Excerpted records below:

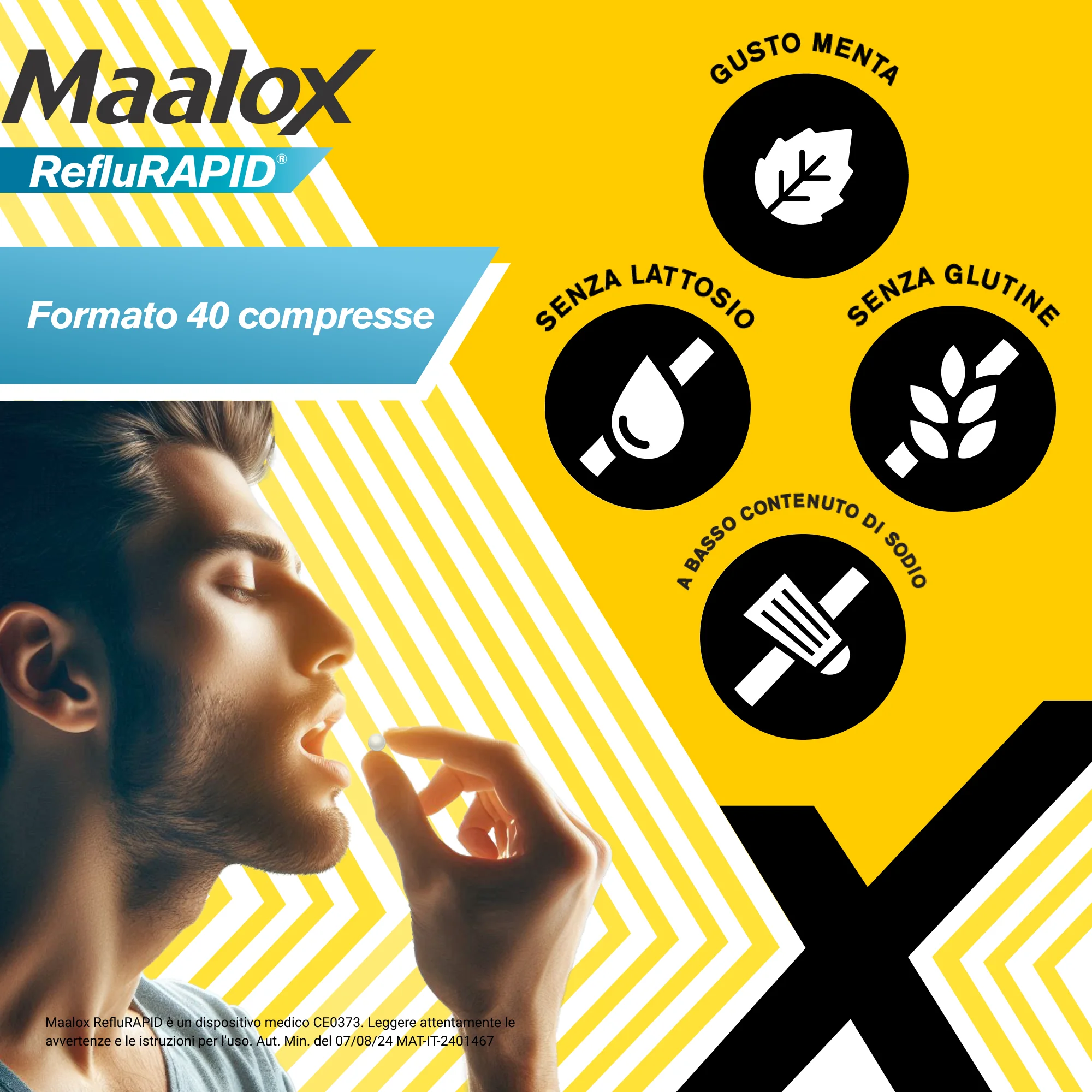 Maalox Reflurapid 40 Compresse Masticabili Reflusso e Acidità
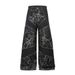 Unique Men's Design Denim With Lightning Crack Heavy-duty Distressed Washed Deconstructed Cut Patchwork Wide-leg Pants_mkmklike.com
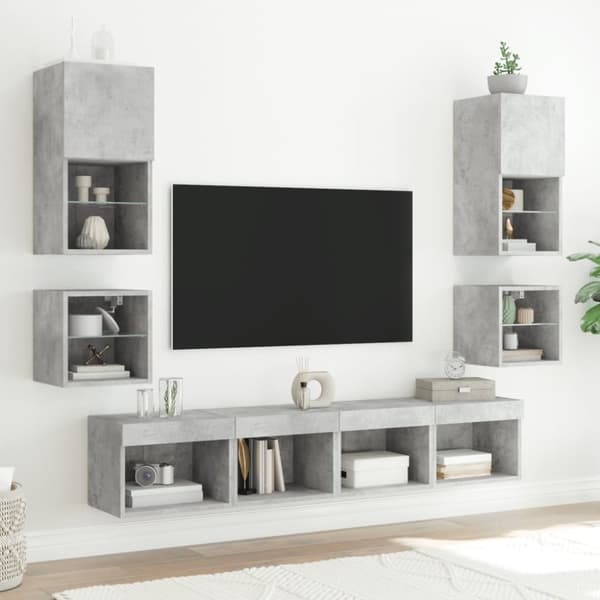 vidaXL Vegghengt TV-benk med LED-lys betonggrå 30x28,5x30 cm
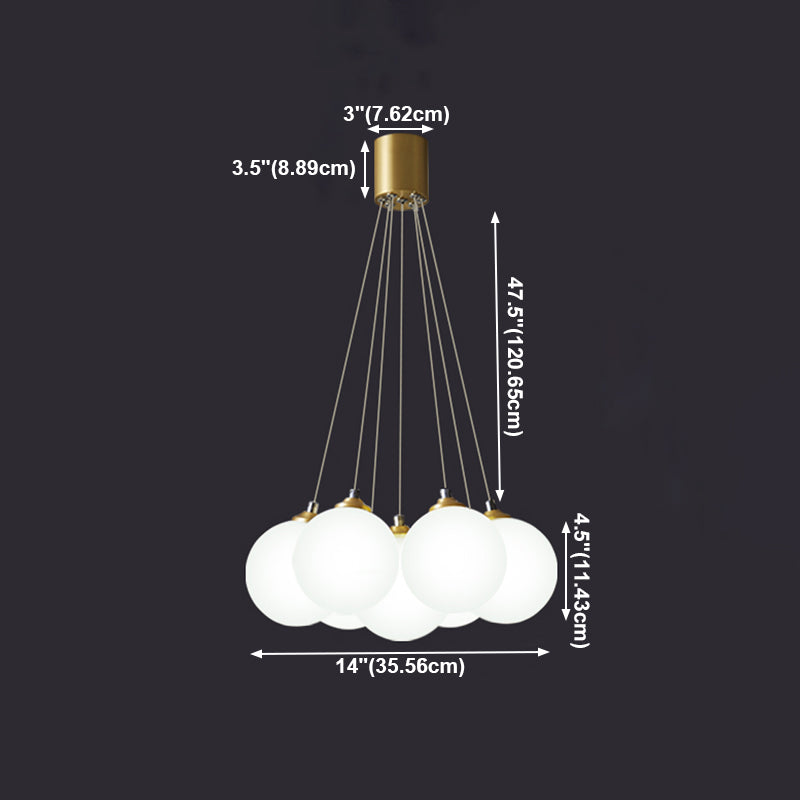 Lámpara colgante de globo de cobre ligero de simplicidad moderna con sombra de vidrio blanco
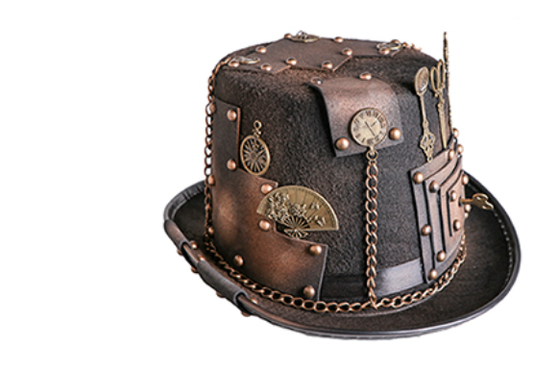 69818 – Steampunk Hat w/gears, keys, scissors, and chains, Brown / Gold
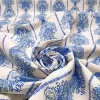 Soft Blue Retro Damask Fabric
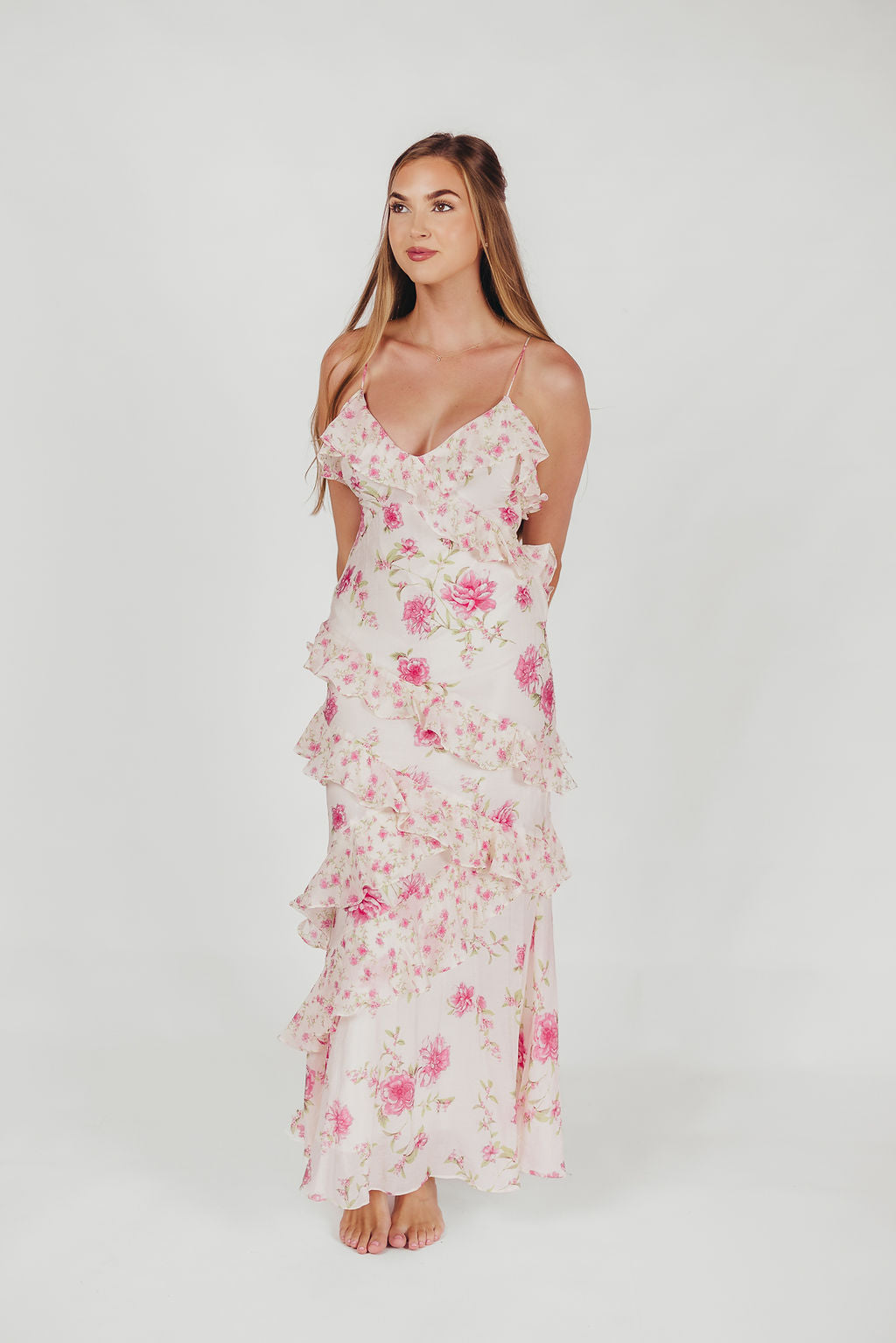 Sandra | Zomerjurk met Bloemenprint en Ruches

End of Excerpted records.

### Assignment
The response should consist of the lines above from the first through the one containing "Lámpara colgante de", transcribed exactly, with every picture left out.

### Reply
 Maalox Reflurapid 40 Compresse Masticabili Reflusso e Acidità
 Unique Men's Design Denim With Lightning Crack Heavy-duty Distressed Washed Deconstructed Cut Patchwork Wide-leg Pants_mkmklike.com
 vidaXL Vegghengt TV-benk med LED-lys betonggrå 30x28,5x30 cm
 Lámpara colgante de globo de cobre ligero de simplicidad moderna con sombra de vidrio blanco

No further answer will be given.